Shewmaker, Transgender Athletes and the Queer Art of Athletic Failure, Fischer and McClearan

Critical Analysis of Transgender Athletes and Athletic Failure

Author’s Purpose

  • The article examines how transgender athlete Fallon Fox utilizes the queer art of failure to disrupt traditional sporting spaces characterized by racialization, hypermasculinity, and heteronormativity.

  • The goal is to unpack the paradoxical situation of Fox, who faces criticism regardless of her performance—whether winning or losing.

Central Thesis

  • The controversy surrounding Fox's participation in women's mixed martial arts (MMA) exemplifies transphobia and a rigid understanding of gender that conflates biological sex with gender identity.

  • Fox’s approach to athletic failure presents a useful critique of sex segregation in sports, as well as the interconnected issues of racism, (cis)sexism, and transphobia.

Key Terms

  • Transgender Athletes: Individuals whose gender identity differs from the sex assigned at birth.

  • Sex Segregation: The practice of separating individuals based on biological sex differences in competitive settings.

  • Cisgender: Individuals whose gender identity aligns with the sex assigned at birth.

  • Queer Art of Athletic Failure: A redefinition of success and failure in sports, challenging normative biases about gender and athleticism.

  • MMA: Mixed martial arts, a full-contact combat sport.

  • Fallon Fox: The first openly transgender fighter in MMA.

Key Claims or Propositions

  1. Fallon Fox's case illustrates the complexity surrounding the inclusion of transgender athletes in sports.

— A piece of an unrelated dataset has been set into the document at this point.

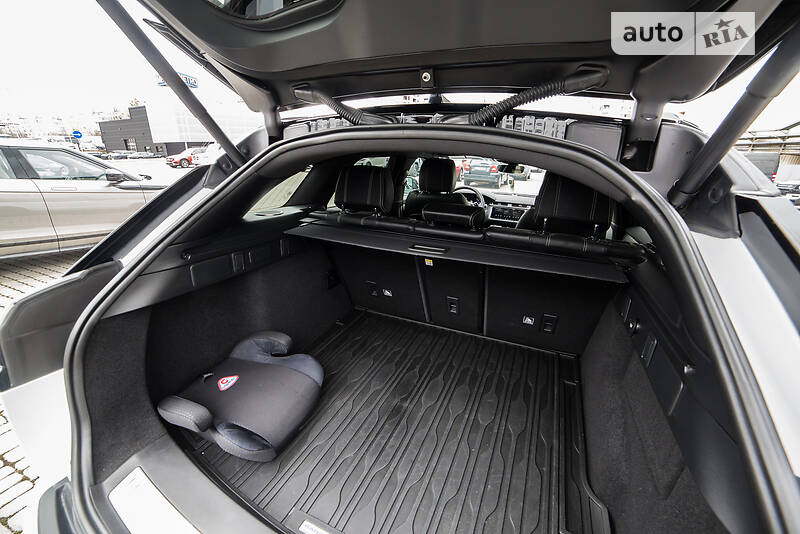 Land Rover Range Rover Velar 2019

  2. Sports organizations maintain that women athletes require separate categories due to perceived physiological inferiority compared to male athletes.

  3. Guidelines have been released to facilitate the participation of transgender athletes while attempting to preserve competitive fairness.

  4. The accusations aimed at Fox regarding bone density and testosterone reflect historical patterns of scientific racism.

  5. Although the UFC promotes itself as inclusive and supportive of LGBTQ+ athletes, Fox’s differences were deemed unacceptable.

  6. The “damned-if-she-wins and damned-if-she-loses” scenario highlights the heightened scrutiny placed on transgender athletes.

  7. When Fox lost to Evans-Smith, dominant cultural myths about her inherent male superiority and genetic advantages over certain ethnic groups were challenged.

Favorite Quotations

  • “I believe that there should be a requirement. The spectrum of testosterone and estrogen and what it can do in sports is rather amazing. It does have its advantages and disadvantages. . . . Especially in mixed martial arts where someone who has a really, really, really good advantage could cause a lot more damage to someone who does not.” (151)

  • “I guess this means that people will realize that I’m just a woman after all. I’m female. I’m human. Sometimes I dominate and sometimes I’m dominated.” (159)

Discussion Questions

  1. What do you think would have transpired if Fox had not won her first two fights? Would scrutiny have been lessened?

  2. How would the UFC and public perception change if a transgender fighter were included in a major event?

  3. Do you agree or disagree with the idea that having once been male implies enduring physical characteristics, such as bone structure, that affect competition in sports?